── Record extracts
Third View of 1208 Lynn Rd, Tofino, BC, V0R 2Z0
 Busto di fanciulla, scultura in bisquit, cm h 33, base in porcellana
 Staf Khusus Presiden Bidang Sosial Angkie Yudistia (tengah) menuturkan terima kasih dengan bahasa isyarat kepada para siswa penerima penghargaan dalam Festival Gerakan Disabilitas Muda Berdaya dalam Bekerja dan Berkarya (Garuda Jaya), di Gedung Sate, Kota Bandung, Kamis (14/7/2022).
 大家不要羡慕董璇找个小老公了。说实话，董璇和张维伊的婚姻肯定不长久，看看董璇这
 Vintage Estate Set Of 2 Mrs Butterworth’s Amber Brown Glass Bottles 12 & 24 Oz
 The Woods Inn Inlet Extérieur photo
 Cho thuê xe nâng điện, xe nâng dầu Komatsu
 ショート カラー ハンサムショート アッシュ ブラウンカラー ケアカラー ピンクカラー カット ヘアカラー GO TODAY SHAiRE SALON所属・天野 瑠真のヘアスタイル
────
Up to and including the line with "Busto di fanciulla, scultura", transcribe the entries above exactly, starting from their first line.

__Solution to this exercise__
Third View of 1208 Lynn Rd, Tofino, BC, V0R 2Z0
 Busto di fanciulla, scultura in bisquit, cm h 33, base in porcellana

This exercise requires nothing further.